_Provided information:_
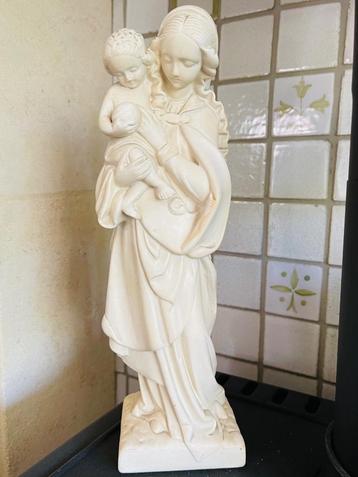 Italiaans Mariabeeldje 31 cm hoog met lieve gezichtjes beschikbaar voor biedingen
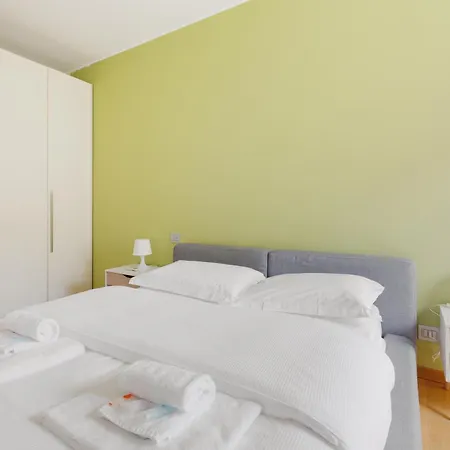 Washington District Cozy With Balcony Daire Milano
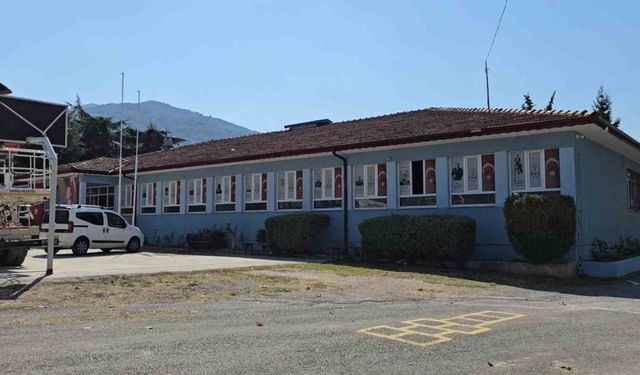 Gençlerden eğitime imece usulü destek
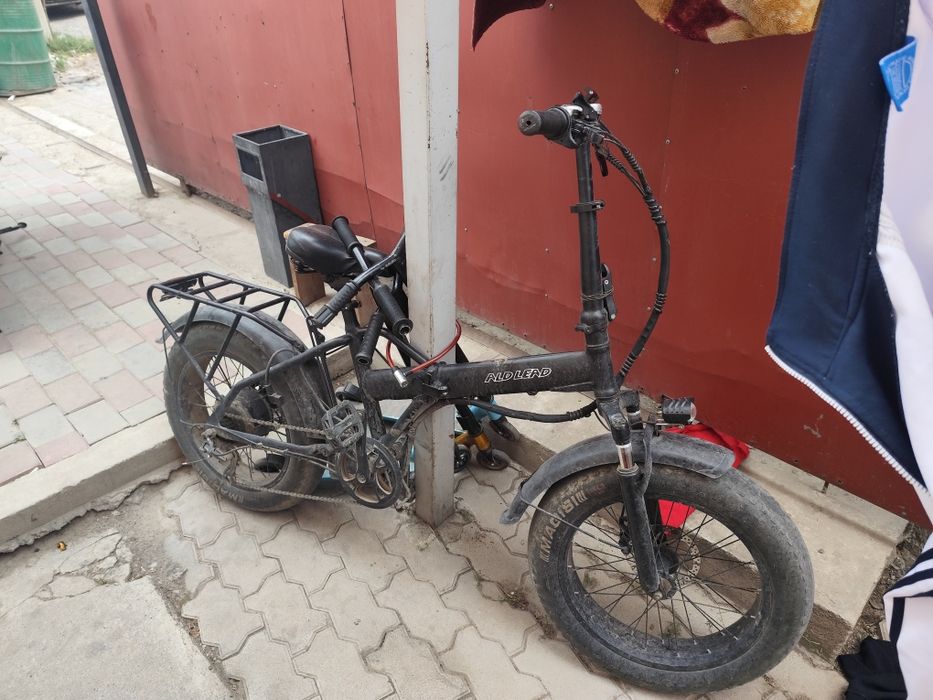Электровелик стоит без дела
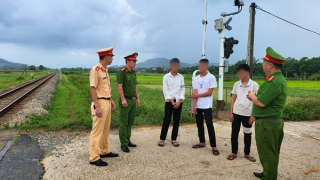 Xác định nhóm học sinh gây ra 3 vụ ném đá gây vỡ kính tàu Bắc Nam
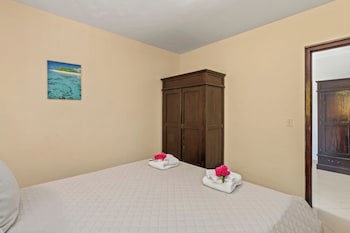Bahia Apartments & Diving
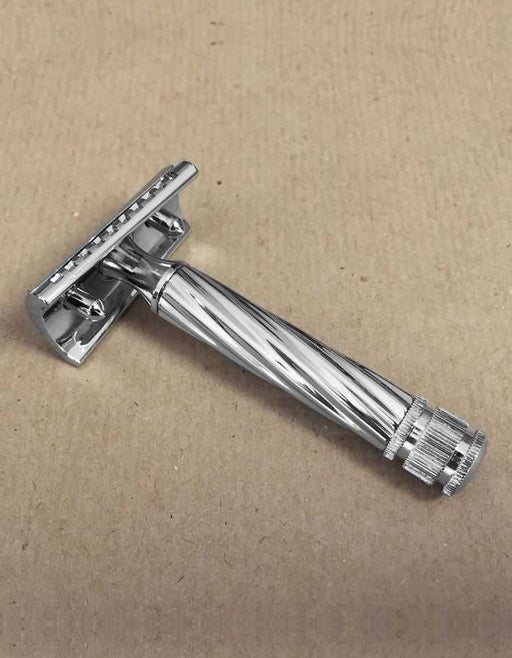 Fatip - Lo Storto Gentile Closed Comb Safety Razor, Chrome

_Task instructions:_ Once the pictures are set aside, repeat the data above exactly.

_Response area:_
 Italiaans Mariabeeldje 31 cm hoog met lieve gezichtjes beschikbaar voor biedingen
 Washington District Cozy With Balcony Daire Milano
 Gençlerden eğitime imece usulü destek
Электровелик стоит без дела
 Xác định nhóm học sinh gây ra 3 vụ ném đá gây vỡ kính tàu Bắc Nam
Bahia Apartments & Diving
 Fatip - Lo Storto Gentile Closed Comb Safety Razor, Chrome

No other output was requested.